K’s journey after discovering soul crushing humility is beautiful and tragic. He’d learned that Joi felt real feelings. That he felt them too. That it was love. The real thing. Not like the misspelled pollution that Wallace gave to his angel. Not like the one that killed the real thing.

The Desert of the Real

K knew that a child was born of two replicants. An existential miracle. Proof of divinity concerning itself with replicant affairs, of a place for replicants in cosmic design. And after seeing the object of his love destroyed by the angel of a despotic god he finds out that he is not the miracle. He is just another angel of the same god. It’s a Biblical tragedy. Or as definitely smart guy Jordan Peterson might put it, it’s the hEiGhT oF tRaGeDy.
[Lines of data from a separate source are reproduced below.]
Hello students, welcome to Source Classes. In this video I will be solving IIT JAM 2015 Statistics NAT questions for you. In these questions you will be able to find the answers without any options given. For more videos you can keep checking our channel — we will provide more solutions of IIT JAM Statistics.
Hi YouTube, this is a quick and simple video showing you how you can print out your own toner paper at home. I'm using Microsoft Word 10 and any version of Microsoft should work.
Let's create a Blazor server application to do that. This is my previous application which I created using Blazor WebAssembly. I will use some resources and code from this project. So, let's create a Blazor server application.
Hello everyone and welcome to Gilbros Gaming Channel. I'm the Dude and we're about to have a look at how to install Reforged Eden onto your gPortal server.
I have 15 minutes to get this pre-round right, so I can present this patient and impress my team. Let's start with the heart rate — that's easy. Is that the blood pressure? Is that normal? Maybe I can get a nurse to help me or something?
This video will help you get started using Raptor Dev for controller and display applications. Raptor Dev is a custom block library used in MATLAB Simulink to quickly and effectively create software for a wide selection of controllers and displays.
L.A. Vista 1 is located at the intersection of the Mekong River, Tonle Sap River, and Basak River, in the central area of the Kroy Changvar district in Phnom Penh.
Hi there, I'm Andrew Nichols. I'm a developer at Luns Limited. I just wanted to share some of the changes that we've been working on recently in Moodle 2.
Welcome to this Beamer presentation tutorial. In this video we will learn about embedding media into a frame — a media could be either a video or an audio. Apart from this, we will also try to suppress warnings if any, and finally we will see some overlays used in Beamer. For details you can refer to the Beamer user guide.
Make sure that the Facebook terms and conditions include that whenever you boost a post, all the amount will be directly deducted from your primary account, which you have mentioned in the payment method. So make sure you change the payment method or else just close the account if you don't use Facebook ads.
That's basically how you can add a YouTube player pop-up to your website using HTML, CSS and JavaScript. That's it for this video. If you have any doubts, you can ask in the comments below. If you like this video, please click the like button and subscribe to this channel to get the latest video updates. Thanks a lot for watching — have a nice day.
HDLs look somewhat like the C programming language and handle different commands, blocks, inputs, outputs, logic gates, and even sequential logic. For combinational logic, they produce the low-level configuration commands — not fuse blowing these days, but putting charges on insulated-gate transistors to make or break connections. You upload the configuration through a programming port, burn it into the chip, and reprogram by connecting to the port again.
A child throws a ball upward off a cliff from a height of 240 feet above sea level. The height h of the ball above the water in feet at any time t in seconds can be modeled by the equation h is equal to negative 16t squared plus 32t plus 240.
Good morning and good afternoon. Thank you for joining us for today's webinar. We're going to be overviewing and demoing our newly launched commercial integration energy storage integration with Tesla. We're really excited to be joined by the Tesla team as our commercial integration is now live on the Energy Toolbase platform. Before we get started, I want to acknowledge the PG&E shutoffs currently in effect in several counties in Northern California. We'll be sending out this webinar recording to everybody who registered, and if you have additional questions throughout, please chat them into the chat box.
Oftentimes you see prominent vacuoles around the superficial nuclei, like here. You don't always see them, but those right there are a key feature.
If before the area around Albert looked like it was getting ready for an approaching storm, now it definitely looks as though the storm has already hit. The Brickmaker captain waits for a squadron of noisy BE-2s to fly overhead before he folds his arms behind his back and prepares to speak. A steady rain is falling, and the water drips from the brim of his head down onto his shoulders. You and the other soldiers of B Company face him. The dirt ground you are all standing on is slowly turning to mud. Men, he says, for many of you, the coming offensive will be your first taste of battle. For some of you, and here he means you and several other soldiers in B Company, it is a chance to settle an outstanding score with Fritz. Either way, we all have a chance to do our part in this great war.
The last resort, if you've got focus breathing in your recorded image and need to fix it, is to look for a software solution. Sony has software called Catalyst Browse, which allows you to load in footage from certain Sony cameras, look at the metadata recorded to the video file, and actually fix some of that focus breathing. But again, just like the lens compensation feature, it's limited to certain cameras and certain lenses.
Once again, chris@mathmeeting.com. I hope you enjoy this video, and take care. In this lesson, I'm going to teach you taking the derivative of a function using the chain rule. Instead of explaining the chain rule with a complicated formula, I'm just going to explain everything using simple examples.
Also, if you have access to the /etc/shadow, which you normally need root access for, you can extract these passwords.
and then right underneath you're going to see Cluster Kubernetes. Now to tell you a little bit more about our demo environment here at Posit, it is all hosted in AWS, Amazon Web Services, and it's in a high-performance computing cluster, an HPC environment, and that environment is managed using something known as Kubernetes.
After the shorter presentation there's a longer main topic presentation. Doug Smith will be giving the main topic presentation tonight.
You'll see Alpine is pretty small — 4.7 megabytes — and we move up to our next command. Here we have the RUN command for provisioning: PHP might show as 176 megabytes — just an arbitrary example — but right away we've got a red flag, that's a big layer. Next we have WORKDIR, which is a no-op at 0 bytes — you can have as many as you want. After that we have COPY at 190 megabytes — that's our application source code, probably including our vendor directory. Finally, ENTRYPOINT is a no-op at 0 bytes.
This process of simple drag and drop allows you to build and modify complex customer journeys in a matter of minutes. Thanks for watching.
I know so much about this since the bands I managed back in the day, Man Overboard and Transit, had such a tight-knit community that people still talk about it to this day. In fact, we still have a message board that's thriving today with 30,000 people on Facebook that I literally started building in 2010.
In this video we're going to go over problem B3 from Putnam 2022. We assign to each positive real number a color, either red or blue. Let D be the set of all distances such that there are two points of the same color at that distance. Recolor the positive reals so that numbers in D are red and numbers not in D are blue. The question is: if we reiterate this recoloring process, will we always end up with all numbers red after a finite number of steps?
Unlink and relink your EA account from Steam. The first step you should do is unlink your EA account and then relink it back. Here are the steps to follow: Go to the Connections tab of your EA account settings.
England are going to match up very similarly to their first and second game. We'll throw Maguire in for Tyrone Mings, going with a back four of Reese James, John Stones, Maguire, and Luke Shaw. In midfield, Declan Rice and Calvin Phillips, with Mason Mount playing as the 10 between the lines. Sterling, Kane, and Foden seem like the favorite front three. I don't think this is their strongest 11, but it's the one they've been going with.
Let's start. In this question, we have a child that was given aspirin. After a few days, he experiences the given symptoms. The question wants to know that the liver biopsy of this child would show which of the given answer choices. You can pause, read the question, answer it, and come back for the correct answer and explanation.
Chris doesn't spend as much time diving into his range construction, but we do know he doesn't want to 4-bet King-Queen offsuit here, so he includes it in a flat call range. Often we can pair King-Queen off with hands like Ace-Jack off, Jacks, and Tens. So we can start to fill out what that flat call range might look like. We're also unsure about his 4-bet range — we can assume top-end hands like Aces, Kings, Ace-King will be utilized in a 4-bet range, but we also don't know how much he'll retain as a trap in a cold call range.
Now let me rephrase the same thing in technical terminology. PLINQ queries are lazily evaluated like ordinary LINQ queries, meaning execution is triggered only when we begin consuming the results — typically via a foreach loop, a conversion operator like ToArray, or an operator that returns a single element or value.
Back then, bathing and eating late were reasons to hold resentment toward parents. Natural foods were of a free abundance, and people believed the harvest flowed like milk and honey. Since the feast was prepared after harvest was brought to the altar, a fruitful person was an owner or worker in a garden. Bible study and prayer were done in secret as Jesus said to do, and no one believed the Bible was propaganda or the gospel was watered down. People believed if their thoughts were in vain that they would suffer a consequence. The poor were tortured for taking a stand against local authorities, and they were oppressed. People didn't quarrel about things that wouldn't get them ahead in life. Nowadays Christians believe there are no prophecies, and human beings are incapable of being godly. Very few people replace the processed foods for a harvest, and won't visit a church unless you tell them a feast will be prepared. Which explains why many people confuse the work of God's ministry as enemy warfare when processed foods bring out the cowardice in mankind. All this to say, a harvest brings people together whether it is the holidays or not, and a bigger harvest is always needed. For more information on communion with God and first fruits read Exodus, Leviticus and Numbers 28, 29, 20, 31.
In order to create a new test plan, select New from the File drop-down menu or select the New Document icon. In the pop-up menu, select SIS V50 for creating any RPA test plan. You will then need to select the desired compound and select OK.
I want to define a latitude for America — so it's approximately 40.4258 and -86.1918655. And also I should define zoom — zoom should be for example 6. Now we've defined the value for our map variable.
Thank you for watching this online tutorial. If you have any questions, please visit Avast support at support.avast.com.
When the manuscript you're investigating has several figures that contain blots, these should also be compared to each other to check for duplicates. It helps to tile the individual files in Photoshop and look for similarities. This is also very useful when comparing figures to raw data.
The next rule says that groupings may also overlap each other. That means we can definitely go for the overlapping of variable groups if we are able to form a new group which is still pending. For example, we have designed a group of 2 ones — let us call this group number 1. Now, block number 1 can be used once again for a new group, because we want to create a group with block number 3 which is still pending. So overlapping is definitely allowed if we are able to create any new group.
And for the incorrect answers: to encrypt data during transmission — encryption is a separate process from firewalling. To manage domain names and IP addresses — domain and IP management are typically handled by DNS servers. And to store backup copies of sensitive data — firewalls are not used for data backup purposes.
So K has to grapple with a devastating existential state. Having gone from being an nonimportant slave that hunted the liberated, to being aware of his humanity through a mutual love and believing in his cosmic import, to losing that love and realizing that he’s just another manufactured consciousness. He sees the advertisement of Joi and feels something other than grief again. He remembers what Freysa told him. He remembers his real, undeniably human experiences. And realizes that it’s okay if you’re not the center of the cosmos; it’s okay if you’re not a miracle; it’s okay if you’re not Christ on Earth. Being human is enough. And being more human than human. Well that might mean more.

Virtual Redemption

So K does the most human thing possible. He decides to act selflessly. Eyes misty, angry at this injustice that feels woven into the fabric of the universe, with the detached apathy of a replicant accustomed to burying it, disabused of the notion of heaven on Earth, he thinks on his love for Joi. About how real she was. And about how ruthlessly she was taken. Only to find the single thing that animated him all along wasn’t true. And in a way that only Villeneuve can communicate, in the wake of this composite trauma, he finds peace. Equanimous, as Christ must have felt on his way to trial with Pontius Pilate, he decides to stop thinking of himself; to do something for someone else. Dead clear, he knows who needs to win. It’s not him.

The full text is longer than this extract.